[Work to complete] Return the lines of the data below starting at the one holding "Комплект сантехники Jacob" and ending at the one holding "4 in 1 100W", word for word, leaving every picture out.

[Data supplied]
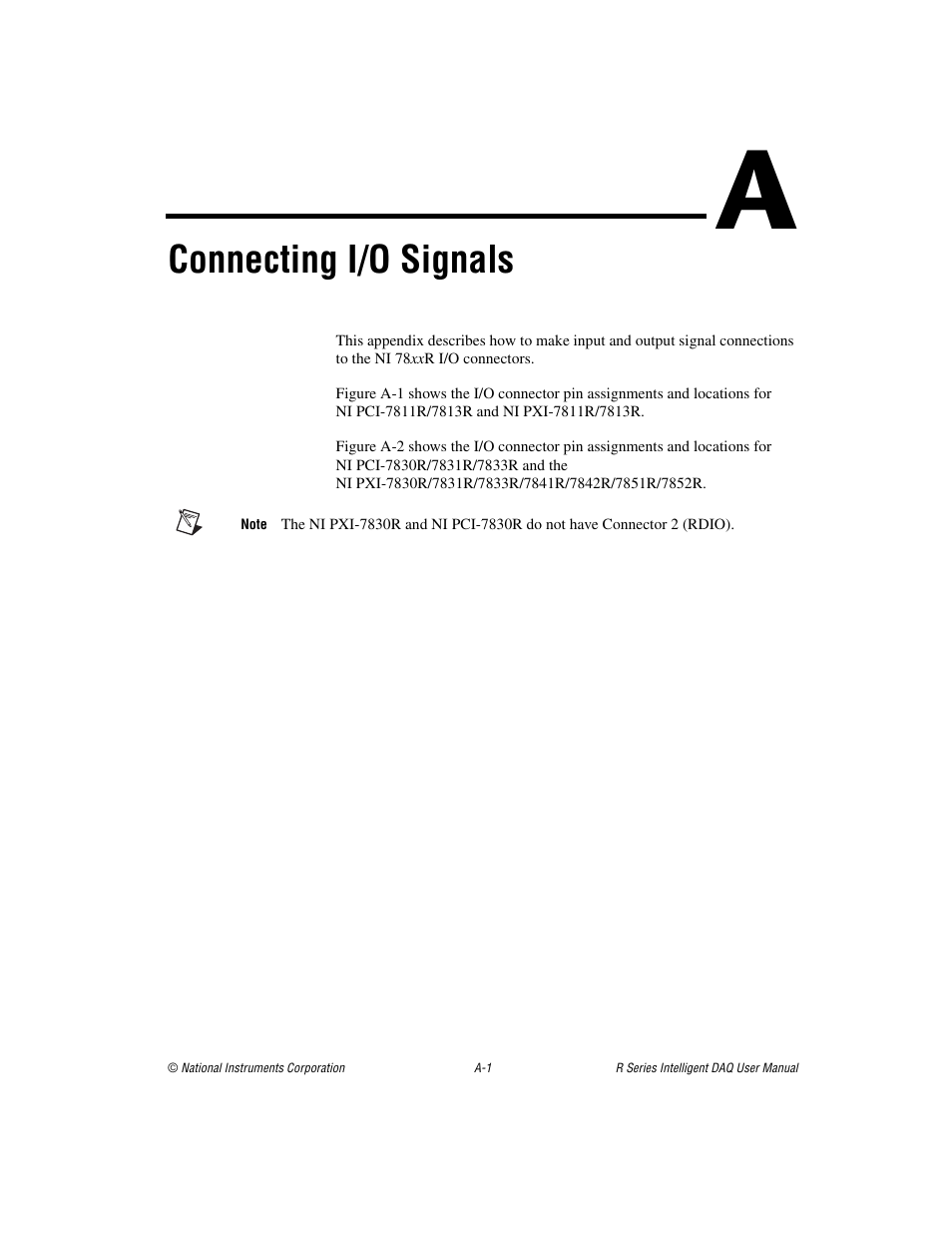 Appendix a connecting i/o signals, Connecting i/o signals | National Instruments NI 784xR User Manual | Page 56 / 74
==
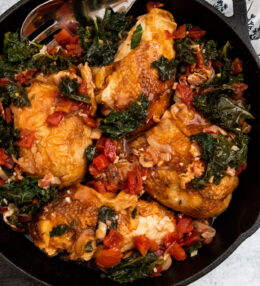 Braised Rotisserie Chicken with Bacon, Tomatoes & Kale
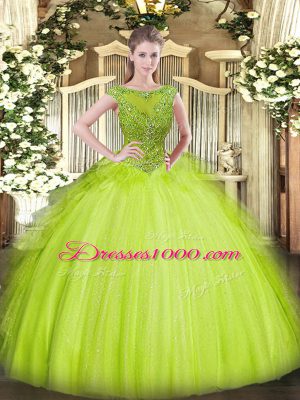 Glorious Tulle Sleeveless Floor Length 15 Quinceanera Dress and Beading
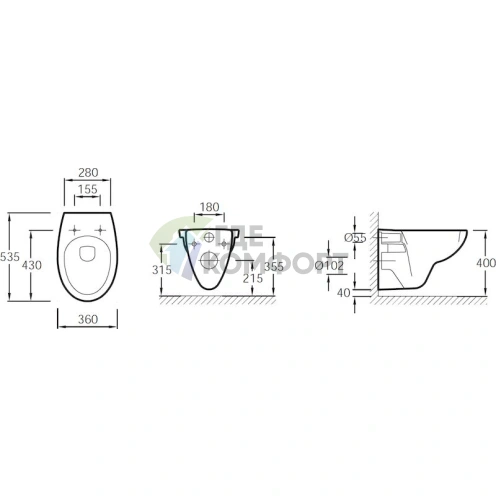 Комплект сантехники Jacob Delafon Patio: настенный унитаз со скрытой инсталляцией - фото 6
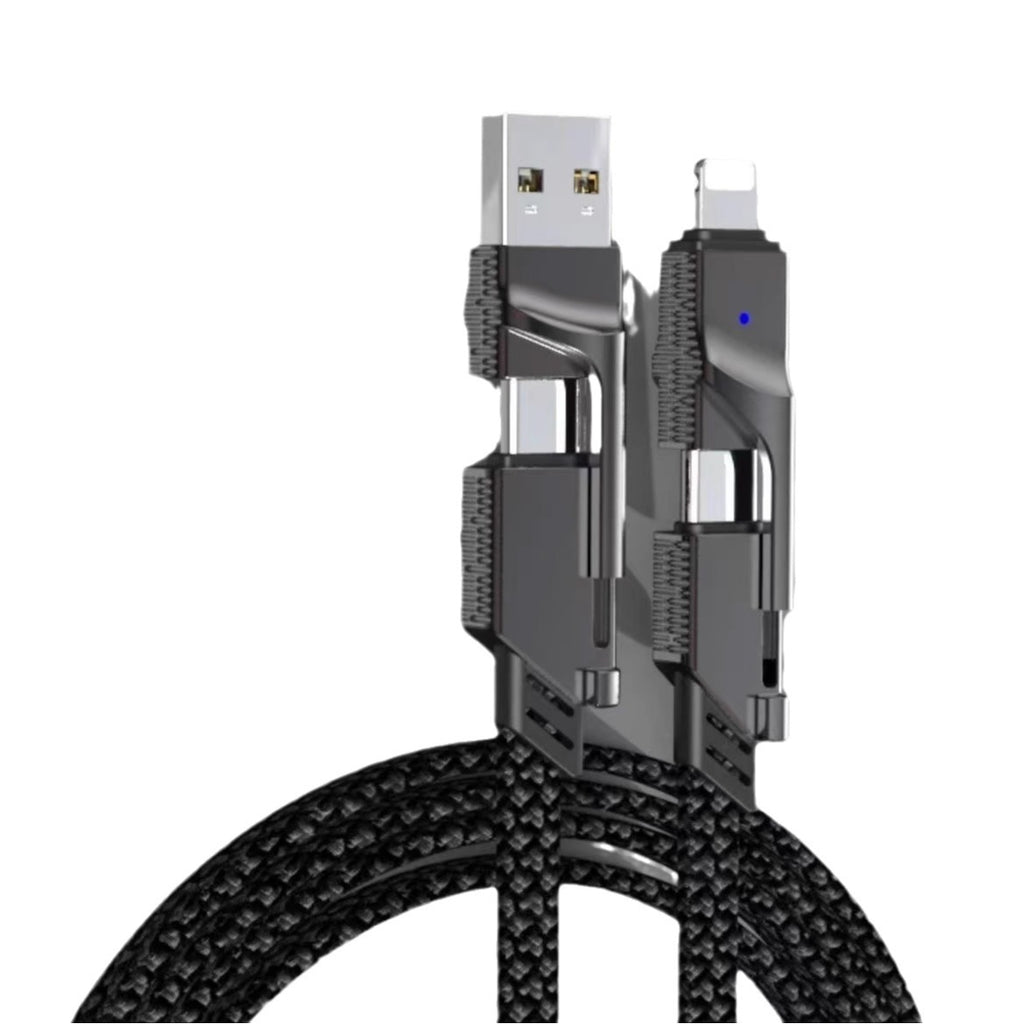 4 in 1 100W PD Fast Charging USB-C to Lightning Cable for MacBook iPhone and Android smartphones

[Solved problem]
 Комплект сантехники Jacob Delafon Patio: настенный унитаз со скрытой инсталляцией - фото 6
 4 in 1 100W PD Fast Charging USB-C to Lightning Cable for MacBook iPhone and Android smartphones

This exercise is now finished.